A Low-Priced Stock Isn't Always a Bargain

Low priced stocks offer investors some of the best opportunities in the equities market. However, reward does not come without risk. Buying a stock purely because it's cheaper could be a mistake. It is not a mistake when you buy when the company is well capitalized. Essentially, that means the company can easily pay its debt service and does not need to issue more stock to raise money. As far as performance is concerned, the company should have clear earnings growth projections and is showing mass appeal for a product or service that can easily become a household name. Without these essential things, it is almost always better to go with a similar stock that is priced higher.

Higher volatility

Lower priced stocks means higher risk. Take for example a stock that is trading at roughly ten dollars a share and compare it to a stock that is trading at one hundred dollars a share.

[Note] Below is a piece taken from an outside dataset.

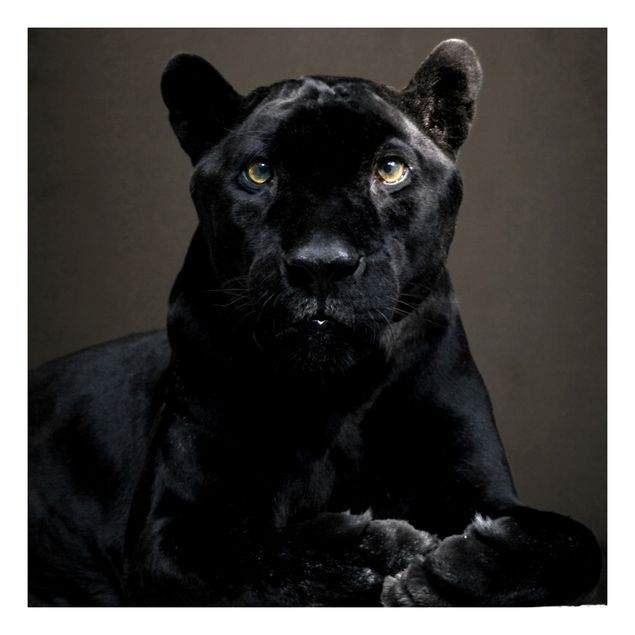 Schwarze Klebefolie Black Puma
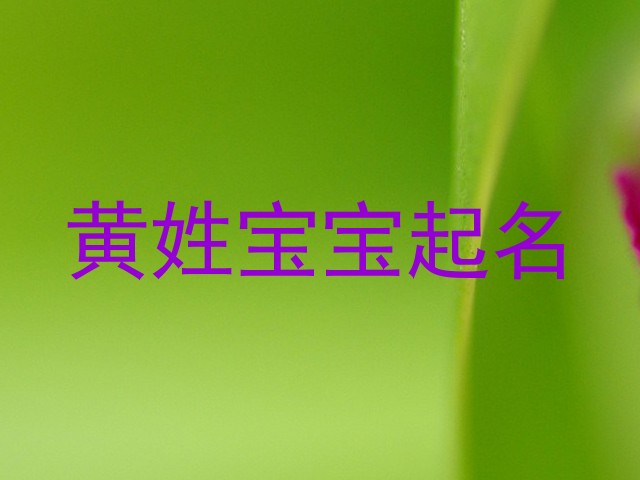 黄姓宝宝起名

If there is high trading volume, the hundred dollar stock will have a bid and ask spread no more than fifty cents that equates to 0.50% of the stock price value.

Conversely, the stock trading at ten dollars per share could easily have a ten or twenty cent bid ask spread during high volume trading. That equates to 1 to 2 percent of the stock price value. As you can see, purchasing the lower price stock at the outset carries on a higher risk than the higher priced stock. That's not to mention the wild swings that occur in lower priced stocks during the day. It is a known fact that lower price equates to higher volatility. In the field of finance ,price volatility translates indirectly to risk. Additionally, these stocks tend to be newer companies with little to no positive earnings and a capital structure that inadvertently seeks to dilute the stock price. Given all that, low price stocks will carry on greater risk.

Lower volume

Because low price stocks are riskier, institutional investors; and ultimately, the larger investing public do not trade in low priced stocks. This means low average volumes for the listing. That will translate into wide bid and ask spreads as well as rough patches during trading activity. Normally, investors need a certain amount of volume to be able to trade the stock price , otherwise the impact makes trading and investing an uphill battle.

Index rules and exchange rules

If a stock were to go below twenty dollars per share, based on the market capitalization of the company listed in the major stock index, the stock could very well be relegated from the index. This means that all the supporting demand, the institutional forced buying into the index, will be vanquished with an ensuing lowering of the tide, so to speak. There is a price threshold that needs to be passed through for this to happen. An event of a relegation of the stock from the index hurts investors and the company.